Publicity and training
Publicising what the whole strategy is all about plays a key role in implementation — not surprisingly, given the small size of the strategy team. The person responsible for communications, Michelle Wyer, is a tax professional with 13 years’ experience of the Revenue, a good working knowledge of how many parts of the department work, and indefatigable enthusiasm. She was head-hunted within the Revenue for this job. She has used every resource at her disposal — the internal newspaper, the intranet’s home page, senior management teams’ conferences, workshops and awareness-raising events. She is trying to build up a virtual network with communications officers within the Revenue.

She also brings to the team an awareness of how Revenue policy works now, and what might be required in future. One of the problems has been that, at the higher levels, staff move around a lot. When they move on, much of what they have learned or could pass on is lost. One of the challenges is to put in place entry and exit strategies for gathering knowledge from these staff. ‘Anywhere where you need to transfer knowledge or evaluate knowledge, you need to assess what you have learned. Is it useful to the business? We need to have a strategic and consistent long-term vision. For our managers, we need management standards for information that are predetermined, consistent messages that we are comfortable with.’

Training will be essential. There are huge ambitions and plans for the future. Michelle is devising information-awareness packages and working with the HR department on a number of initiatives, including recruitment schemes and a career planning intranet site. A longer-term strategy is to include KM training as part of the induction package for new entrants— ‘the point is to get them when they’re fresh’. Training materials have been produced. They aim to increase the staff’s awareness of business-specific information; of documents that will need to be preserved; of the effective use of email; of the difference between a record and a communication; of the presentation of information on the intranet; of data protection and copyright legislation; of how to deal with FOI requests; and so on. The intranet and, it is hoped, the HR department’s information systems, adapted or extended to include a learning management system, will play an important role.
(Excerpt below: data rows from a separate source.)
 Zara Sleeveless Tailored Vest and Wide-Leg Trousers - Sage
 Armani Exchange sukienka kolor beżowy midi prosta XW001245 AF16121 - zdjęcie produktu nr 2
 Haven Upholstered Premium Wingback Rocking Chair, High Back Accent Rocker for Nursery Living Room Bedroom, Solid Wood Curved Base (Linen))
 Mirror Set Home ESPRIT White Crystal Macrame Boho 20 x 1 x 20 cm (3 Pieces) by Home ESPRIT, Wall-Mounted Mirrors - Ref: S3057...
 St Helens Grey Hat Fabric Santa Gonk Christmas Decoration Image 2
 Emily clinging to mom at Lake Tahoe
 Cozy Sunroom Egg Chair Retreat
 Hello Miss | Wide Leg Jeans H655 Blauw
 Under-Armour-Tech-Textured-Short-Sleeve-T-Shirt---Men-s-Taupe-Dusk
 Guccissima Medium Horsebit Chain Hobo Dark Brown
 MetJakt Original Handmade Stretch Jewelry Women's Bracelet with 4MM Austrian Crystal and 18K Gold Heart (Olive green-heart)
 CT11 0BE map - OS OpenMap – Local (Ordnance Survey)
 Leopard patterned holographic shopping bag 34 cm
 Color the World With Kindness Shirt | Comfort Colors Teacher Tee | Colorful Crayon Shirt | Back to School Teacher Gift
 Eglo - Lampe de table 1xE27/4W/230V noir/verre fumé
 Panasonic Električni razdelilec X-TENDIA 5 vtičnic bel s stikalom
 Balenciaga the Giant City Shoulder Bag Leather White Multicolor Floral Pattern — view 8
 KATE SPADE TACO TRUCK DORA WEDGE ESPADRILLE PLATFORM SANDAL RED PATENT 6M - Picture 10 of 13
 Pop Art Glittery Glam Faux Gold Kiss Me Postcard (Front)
Michelle has barriers to overcome, the biggest being the time taken up by training, and its impact on the targets to which people work on a daily basis. Information literacy is a huge issue; she has found that one way to engage people in the process is to run workshops looking at scenarios that staff can relate directly to their own working experience. ‘A lot of it is about engaging the imagination as well as senior stakeholders.’ But there are many issues. ‘There is a huge knowledge sharing issue — we need to communicate the clear business benefits. How do you make sure that what staff learn is used? How is the knowledge spread? How do we run online courses? How can we exploit the benefits of the new desktop portal the department is developing?’ A big advantage of the intranet modernisation project, she says, has been that ‘it introduces the concept of ongoing responsibility for information management’.

Which brings us back to our all-important underlying theme. Good information and knowledge management may use technology to facilitate good information-sharing practice. But for the technology to be used effectively, an organisation needs a strategy and standards, and staff awareness and collaboration. Gwenda says that it’s been very exciting building the new team from scratch, and seeing activities starting up which are making a real impact on people’s approach to information management. She’s also delighted at the practical support for the strategy demonstrated by the contribution of a number of senior directors to the Information Resources Strategy Governance Group she set up, which board member Helen Ghosh chairs. And government is repeatedly stressing how fundamental good data, information and knowledge management is to its business, and how important are activities which will improve matters within and between departments. Which is why the new, very small, team at the Inland Revenue is already in such demand, and making such valuable contributions to the department’s future.